Menghadapi tren pencurian yang mengkhawatirkan ini, pemerintah bersama BMKG perlu mengambil langkah strategis dan kolaboratif. Peningkatan keamanan fisik di lokasi alat monitoring menjadi hal pertama yang harus dilakukan, misalnya dengan pemasangan kamera pengawas, pagar pengaman, dan alarm sensor gerak. Selain itu, edukasi publik juga sangat penting. Banyak masyarakat yang tidak memahami fungsi alat-alat ini, sehingga rawan menjadi korban hoaks atau bahkan menjual alat curian tanpa mengetahui bahayanya.

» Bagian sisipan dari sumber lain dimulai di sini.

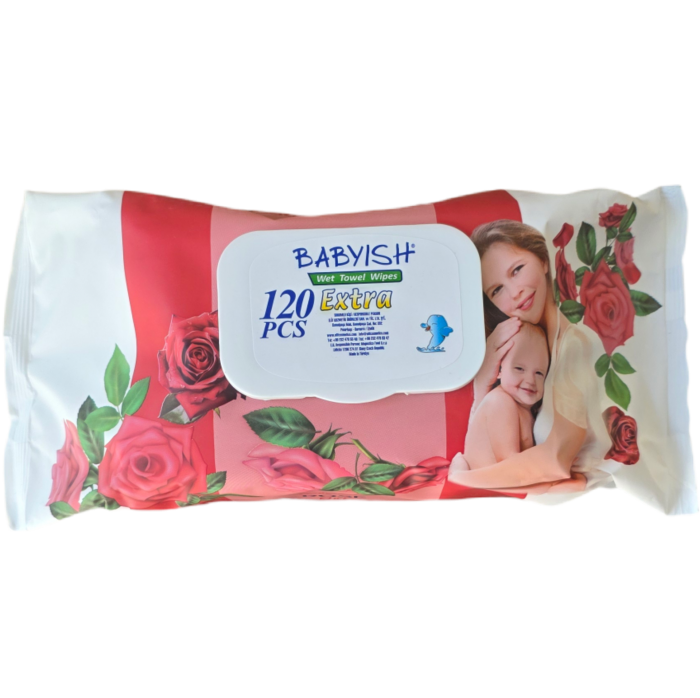 Babyish vlhčené ubrousky 120ks Růže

Koordinasi antar lembaga juga harus diperkuat, termasuk dengan aparat penegak hukum untuk memproses hukum pelaku pencurian secara tegas sebagai efek jera.
Ketika Alat Peringatan Dini Menjadi Simbol Ketidakpedulian
Dua kasus pencurian alat peringatan dini yang terjadi di tahun 2025 ini seharusnya menjadi alarm keras bagi pemerintah dan masyarakat. Dalam negara yang dikelilingi oleh ancaman geologis seperti Indonesia, keberadaan sistem peringatan dini bukanlah kemewahan, melainkan kebutuhan dasar.
Ketika alat-alat ini dibiarkan tanpa perlindungan dan rentan dicuri, maka yang dipertaruhkan bukan sekadar data, tetapi nyawa manusia. Sudah saatnya kita memperlakukan infrastruktur kebencanaan dengan rasa hormat yang layak sebagai penjaga hidup, bukan sekadar peralatan biasa.